§ **Dataset extract**
*** Block opens ***

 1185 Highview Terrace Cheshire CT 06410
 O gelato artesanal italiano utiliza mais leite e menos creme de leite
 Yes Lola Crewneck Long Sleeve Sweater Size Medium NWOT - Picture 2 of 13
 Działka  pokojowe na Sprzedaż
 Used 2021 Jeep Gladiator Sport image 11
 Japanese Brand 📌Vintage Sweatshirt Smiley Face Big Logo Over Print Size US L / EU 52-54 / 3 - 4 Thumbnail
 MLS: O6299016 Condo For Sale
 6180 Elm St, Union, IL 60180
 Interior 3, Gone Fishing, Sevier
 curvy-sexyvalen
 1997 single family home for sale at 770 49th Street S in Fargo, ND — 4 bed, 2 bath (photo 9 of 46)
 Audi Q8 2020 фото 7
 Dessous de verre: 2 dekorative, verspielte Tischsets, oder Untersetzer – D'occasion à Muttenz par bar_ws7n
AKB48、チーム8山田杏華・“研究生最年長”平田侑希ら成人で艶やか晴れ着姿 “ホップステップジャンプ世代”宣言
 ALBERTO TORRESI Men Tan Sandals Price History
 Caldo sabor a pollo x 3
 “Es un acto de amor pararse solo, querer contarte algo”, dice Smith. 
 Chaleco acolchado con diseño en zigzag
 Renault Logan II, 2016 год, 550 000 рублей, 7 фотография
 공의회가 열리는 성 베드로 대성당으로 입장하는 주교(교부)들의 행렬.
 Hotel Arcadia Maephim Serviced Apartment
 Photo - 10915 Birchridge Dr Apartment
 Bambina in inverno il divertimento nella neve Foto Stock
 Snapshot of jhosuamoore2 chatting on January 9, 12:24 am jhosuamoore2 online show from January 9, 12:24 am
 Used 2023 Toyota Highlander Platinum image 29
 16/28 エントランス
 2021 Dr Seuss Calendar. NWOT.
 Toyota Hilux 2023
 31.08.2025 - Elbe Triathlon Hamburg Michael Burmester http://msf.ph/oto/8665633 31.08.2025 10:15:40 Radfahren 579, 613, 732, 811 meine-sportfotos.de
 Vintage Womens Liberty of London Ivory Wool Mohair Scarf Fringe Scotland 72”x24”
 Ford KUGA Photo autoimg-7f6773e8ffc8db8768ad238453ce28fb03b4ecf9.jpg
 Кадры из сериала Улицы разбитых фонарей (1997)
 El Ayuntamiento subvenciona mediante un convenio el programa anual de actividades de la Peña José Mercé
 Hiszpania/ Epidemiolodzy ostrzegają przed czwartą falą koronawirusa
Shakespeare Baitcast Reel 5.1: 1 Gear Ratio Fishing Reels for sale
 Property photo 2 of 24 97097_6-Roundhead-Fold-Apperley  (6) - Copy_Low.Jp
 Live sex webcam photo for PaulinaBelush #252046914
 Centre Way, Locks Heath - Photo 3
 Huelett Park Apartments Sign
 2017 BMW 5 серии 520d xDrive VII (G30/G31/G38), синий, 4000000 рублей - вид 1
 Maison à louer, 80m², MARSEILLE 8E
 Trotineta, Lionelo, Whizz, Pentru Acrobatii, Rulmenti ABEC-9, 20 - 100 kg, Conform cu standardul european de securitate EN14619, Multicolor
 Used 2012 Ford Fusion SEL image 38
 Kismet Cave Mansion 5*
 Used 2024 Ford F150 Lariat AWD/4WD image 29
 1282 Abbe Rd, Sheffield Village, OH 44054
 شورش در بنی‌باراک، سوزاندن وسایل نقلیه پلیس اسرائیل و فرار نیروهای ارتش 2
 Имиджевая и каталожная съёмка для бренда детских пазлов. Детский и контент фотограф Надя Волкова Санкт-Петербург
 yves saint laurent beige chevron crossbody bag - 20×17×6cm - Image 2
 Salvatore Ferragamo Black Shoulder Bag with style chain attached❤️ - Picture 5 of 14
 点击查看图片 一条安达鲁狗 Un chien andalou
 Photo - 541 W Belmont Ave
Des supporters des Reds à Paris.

*** Block closes ***

§ **Task instructions**
Keeping every character as it is, restate the lines above that run from the line with "ALBERTO TORRESI Men" through the line with "Bambina in inverno", both included, and nothing else.

§ **Reply to the task**
 ALBERTO TORRESI Men Tan Sandals Price History
 Caldo sabor a pollo x 3
 “Es un acto de amor pararse solo, querer contarte algo”, dice Smith. 
 Chaleco acolchado con diseño en zigzag
 Renault Logan II, 2016 год, 550 000 рублей, 7 фотография
 공의회가 열리는 성 베드로 대성당으로 입장하는 주교(교부)들의 행렬.
 Hotel Arcadia Maephim Serviced Apartment
 Photo - 10915 Birchridge Dr Apartment
 Bambina in inverno il divertimento nella neve Foto Stock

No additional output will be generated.